New Immigration Articles from SSRN
Kerry Abrams (Virginia) “Immigration Law and the Regulation of Marriage”. This Article (here) argues that much of federal immigration law functions as a form of family law. Although the conventional wisdom holds that family law is state law, federal immigration law actually regulates marriages that involve immigrants much more extensively than state family does, often unintentionally. This Article maps the architecture of federal immigration law regulation through the four stages of marriage: courtship, entry into marriage, the intact marriage, and exit from marriage through divorce. It shows how laws that appear at first glance to effectuate immigration policy – including the immigration provisions of the Violence Against Women Act, the requirement that citizen spouses sign an affidavit of support in order to sponsor their immigrant spouses, and immigration laws prohibiting marriage fraud – all regulate the creation and dissolution of legally recognized family relationships, and/or determine the legal rights and responsibilities of family members, in other words, function as family law. It then offers ways of analyzing whether Congress is acting within its immigration power when it passes laws that regulate the family.

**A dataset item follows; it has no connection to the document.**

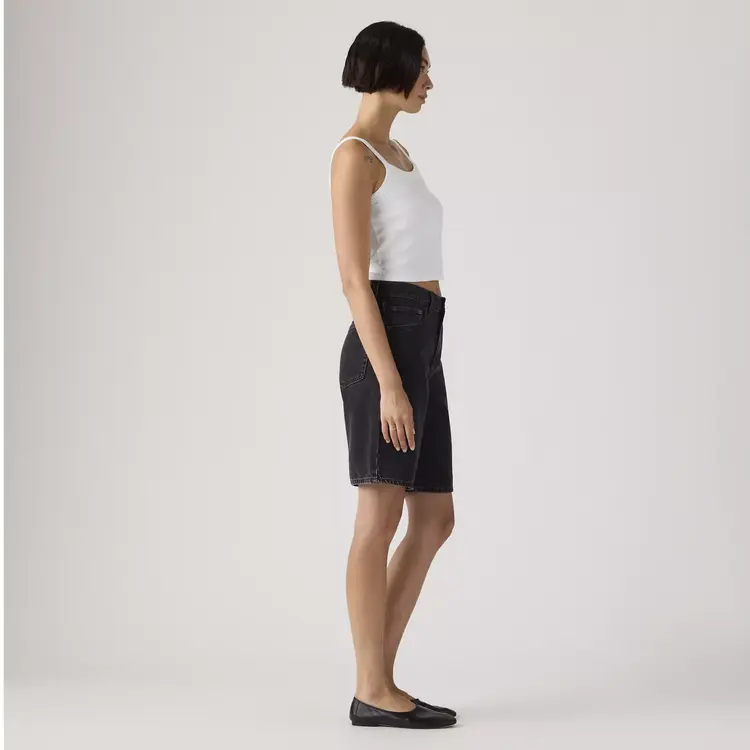 Levi's Baggy Dad Jort | Open Mind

Hiroshi Motomura (North Carolina) “We Asked for Workers, But Families Came: Time, Law, and the Family in Immigration and Citizenship” This Article (here) is based on two key ideas. First, the family adds the dimension of time to immigration and citizenship law. It does so, for example, through jus soli citizenship for the children of immigrants and discretionary relief from removal, which combine to allow noncitizens over time to establish family-based ties to the United States that immigration law then recognizes. But establishing that the family matters in immigration and citizenship – and therefore that time matters – only begins the inquiry. The next question is how time matters. The prevailing sense of time in current law is largely retrospective, as a way of recognizing ties in the United States. It is important, the Article argues, also to think of time prospectively. Doing so would prompt a subtle but significant shift occurs in the role of the family, away from mere recognition and toward a more instrumental view of the family in immigration and citizenship. The family would become not only an object of integration, but a means of integration. This would mean making sure that immigration and citizenship law promotes the immigrant family, for example by allowing immigrant families to stay together. Only then can families realize their potential to foster the integration of immigrants.